(Stored data)
* * *

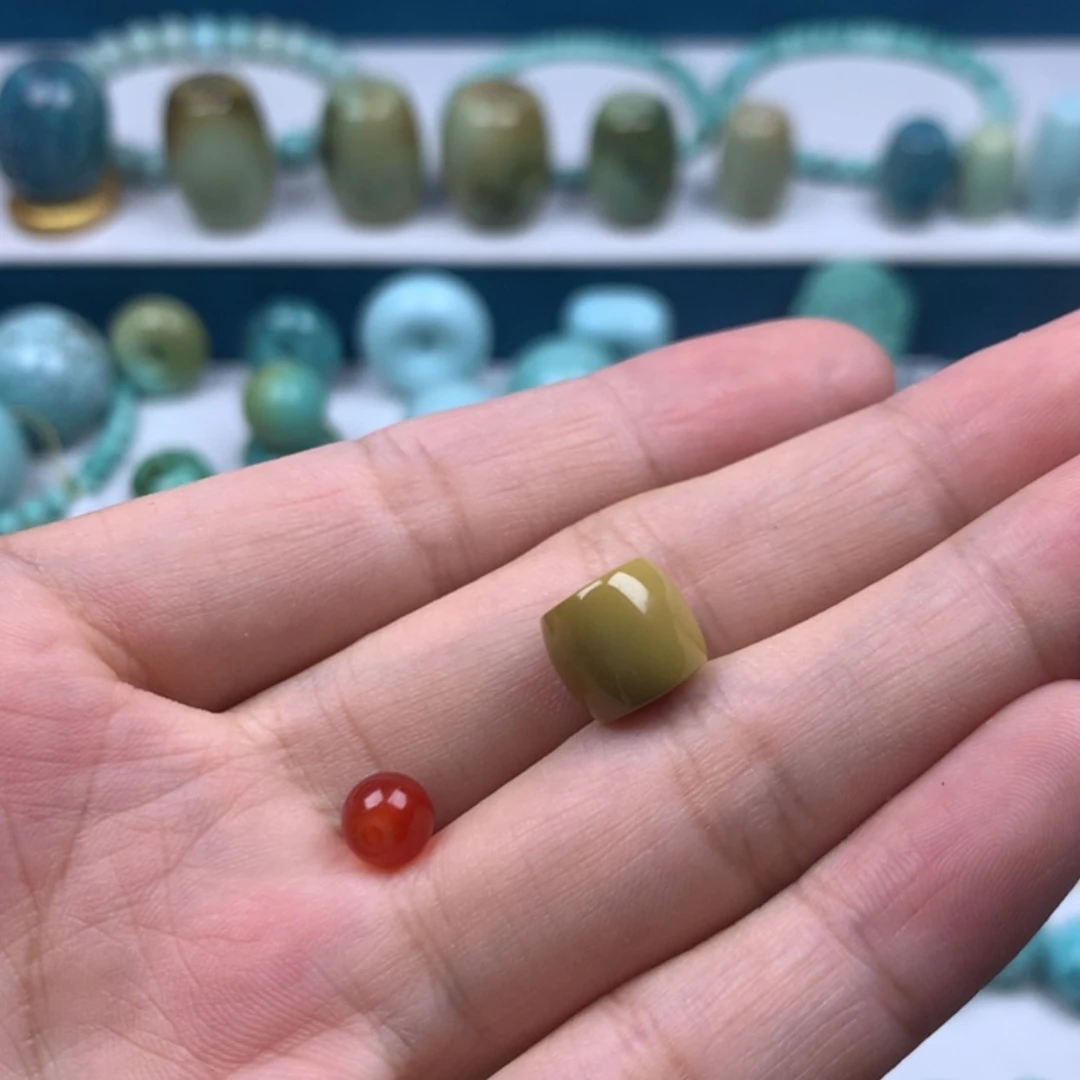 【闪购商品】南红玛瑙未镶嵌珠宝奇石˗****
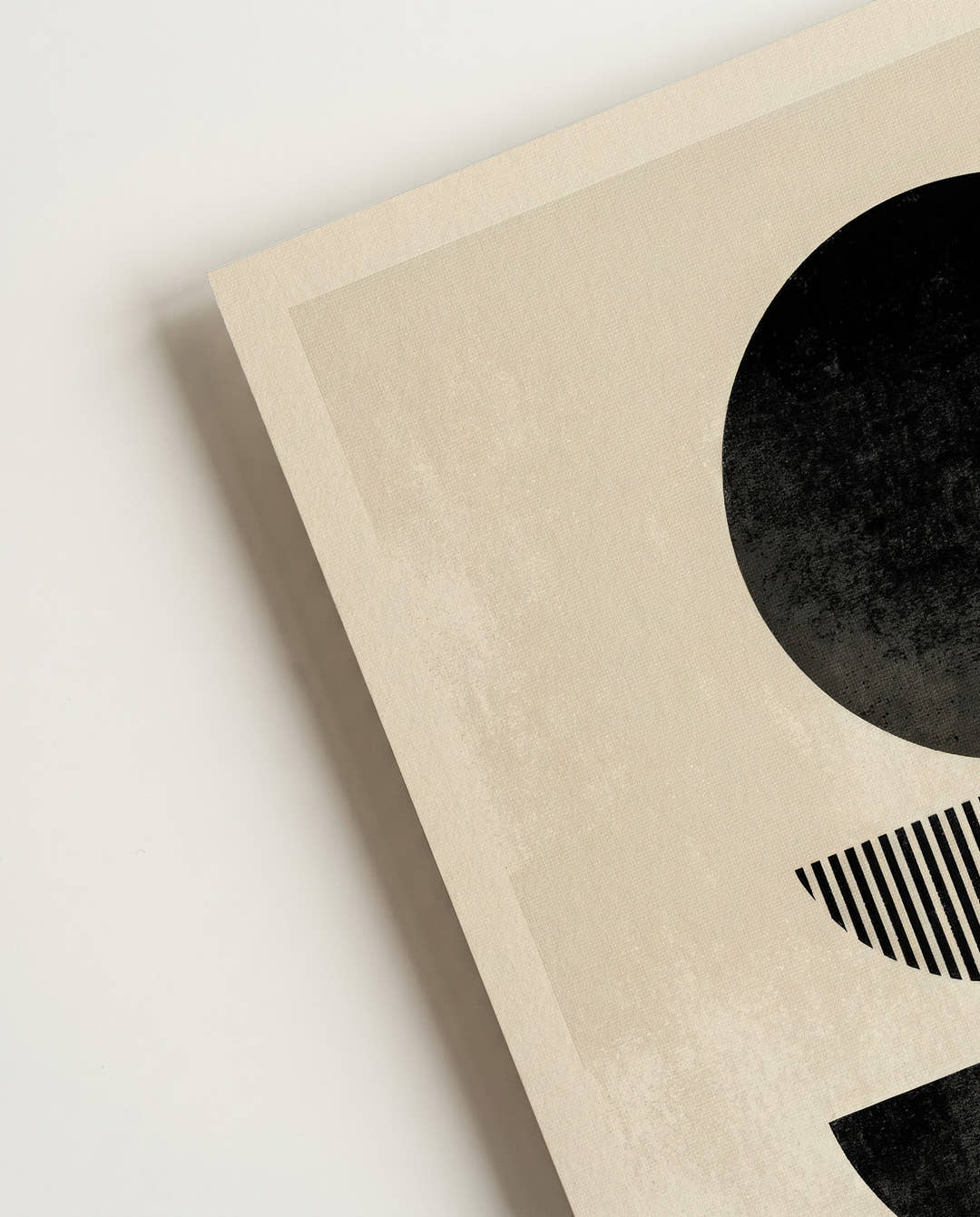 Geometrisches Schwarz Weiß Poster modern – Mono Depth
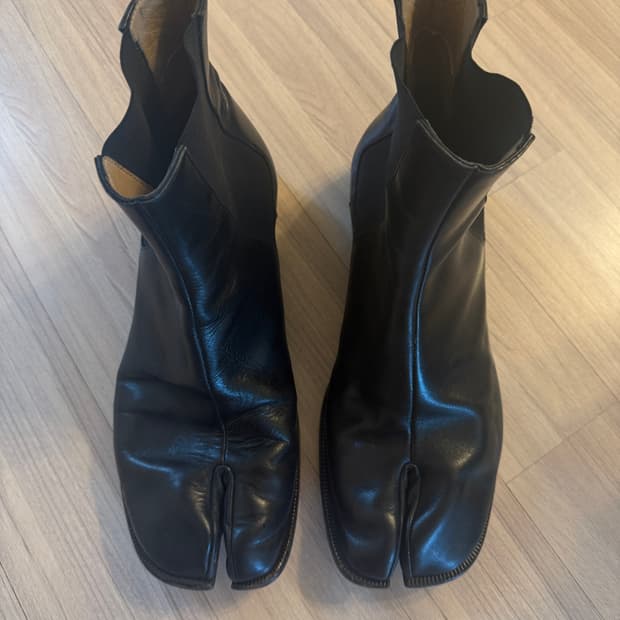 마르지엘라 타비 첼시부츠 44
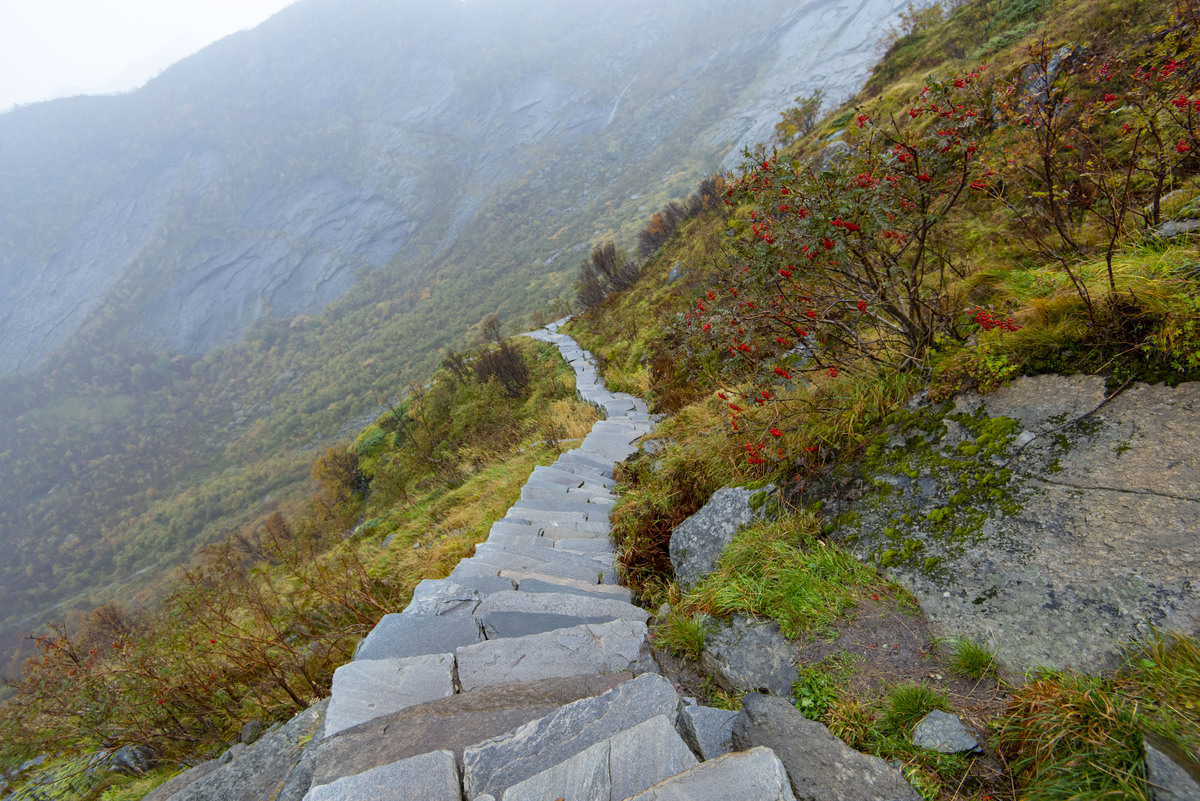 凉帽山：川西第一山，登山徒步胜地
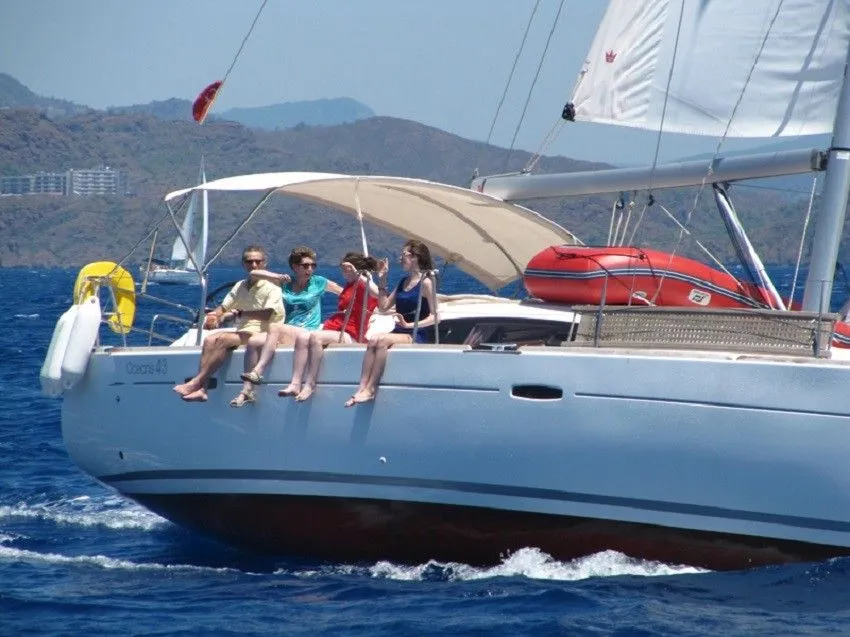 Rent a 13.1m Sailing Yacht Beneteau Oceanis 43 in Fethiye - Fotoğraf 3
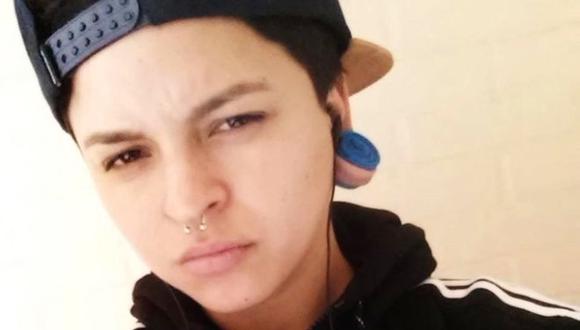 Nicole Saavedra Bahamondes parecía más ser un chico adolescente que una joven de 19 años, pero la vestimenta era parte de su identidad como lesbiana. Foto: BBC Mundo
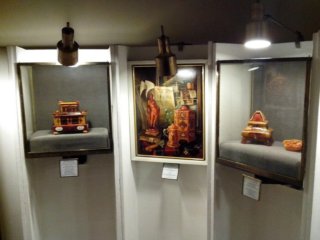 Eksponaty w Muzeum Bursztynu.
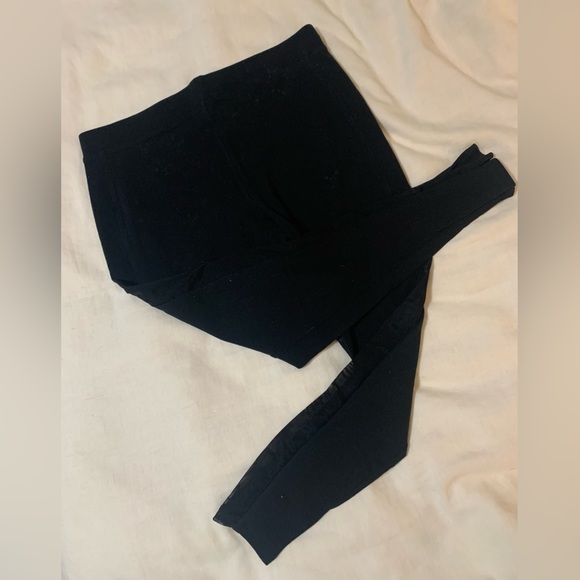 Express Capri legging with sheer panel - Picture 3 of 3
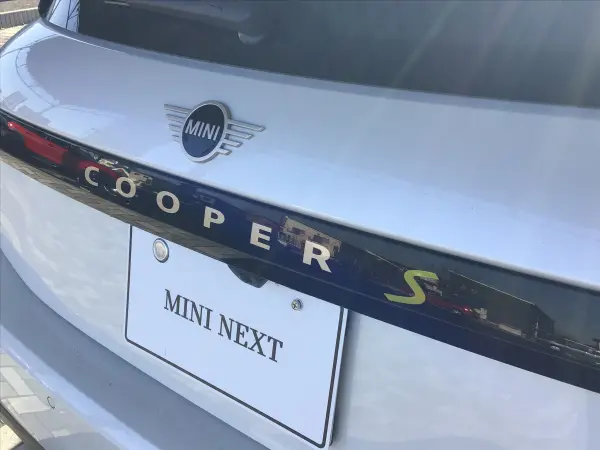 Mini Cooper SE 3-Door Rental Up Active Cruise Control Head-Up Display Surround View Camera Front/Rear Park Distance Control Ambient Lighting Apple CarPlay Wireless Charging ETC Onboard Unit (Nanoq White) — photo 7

* * *

> _THE PROBLEM_: Each entry should come back exactly as written, with its pictures omitted.

> _REPLY TO THE TASK_:
 【闪购商品】南红玛瑙未镶嵌珠宝奇石˗****
 Geometrisches Schwarz Weiß Poster modern – Mono Depth
 마르지엘라 타비 첼시부츠 44
 凉帽山：川西第一山，登山徒步胜地
 Rent a 13.1m Sailing Yacht Beneteau Oceanis 43 in Fethiye - Fotoğraf 3
 Nicole Saavedra Bahamondes parecía más ser un chico adolescente que una joven de 19 años, pero la vestimenta era parte de su identidad como lesbiana. Foto: BBC Mundo
 Eksponaty w Muzeum Bursztynu.
 Express Capri legging with sheer panel - Picture 3 of 3
 Mini Cooper SE 3-Door Rental Up Active Cruise Control Head-Up Display Surround View Camera Front/Rear Park Distance Control Ambient Lighting Apple CarPlay Wireless Charging ETC Onboard Unit (Nanoq White) — photo 7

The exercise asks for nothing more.